今春の東京シリーズ中に大絶賛「球界最高の選手であることを我々全員が知っている」
だが、同じドジャーブルーのユニホームを着てからは分かりあうのは早かった。登板間は誰よりも早くグラウンド入りするなどトレーニングに妥協を許さないカーショーは、前人未到の54本塁打&59盗塁を達成した大谷について、「投手のリハビリを行いながら本塁打と盗塁を増やす。練習での細かいところへのこだわりは見ていてクールだ」と日々の取り組みを評価。
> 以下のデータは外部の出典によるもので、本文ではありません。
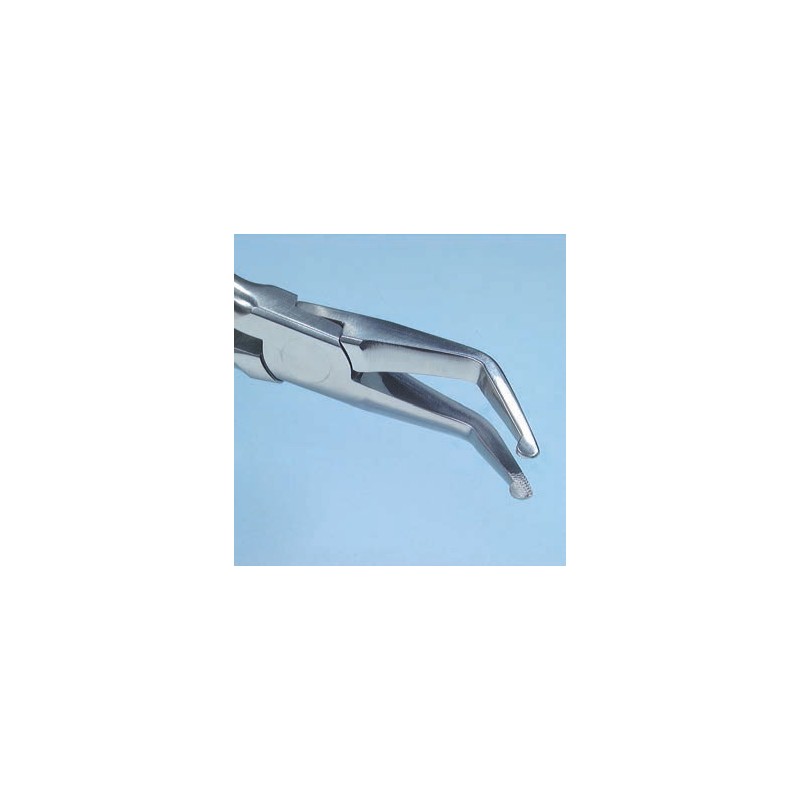 PINZA DI HOW PINZA DI HOW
今春のカブスとの東京シリーズで来日した際には、もう大絶賛だった。
「オオタニが野球界に、世界に与えた影響。球界最高の選手であることを我々全員が知っている」
一方の大谷も日本ハム時代からカーショーを憧れの選手の1人に挙げていた。今年8月末には、こんな畏敬の念を口にしていた。
「登板日に集中してるところを見ると、この集中力を長い年月を続けていくのは、それだけでも大変なことだと思います。その中で素晴らしい成績を残していくのは尊敬に値することですし、毎日見ていて勉強になることばかり」
18日(日本時間19日)に行われたカーショーの引退会見。大谷はカーショー家族やチームメート、球団関係者、報道陣でビッシリ埋まった会見場の一番後ろから一言一句を聞き入った。カーショーは「一番の思い出」について、こう語った。
「やはり勝つことだ。2020年に優勝できたのは最高だった。2024年は僕自身は戦っていなかったが、チームの優勝に立ち会えたのは特別な瞬間だった。個人的にはノーヒッターや今年の3000奪三振も特別だった」
絶対的なエースとしてドジャース王朝を築いてきたカーショー。その思いは、大谷にも受け継がれる。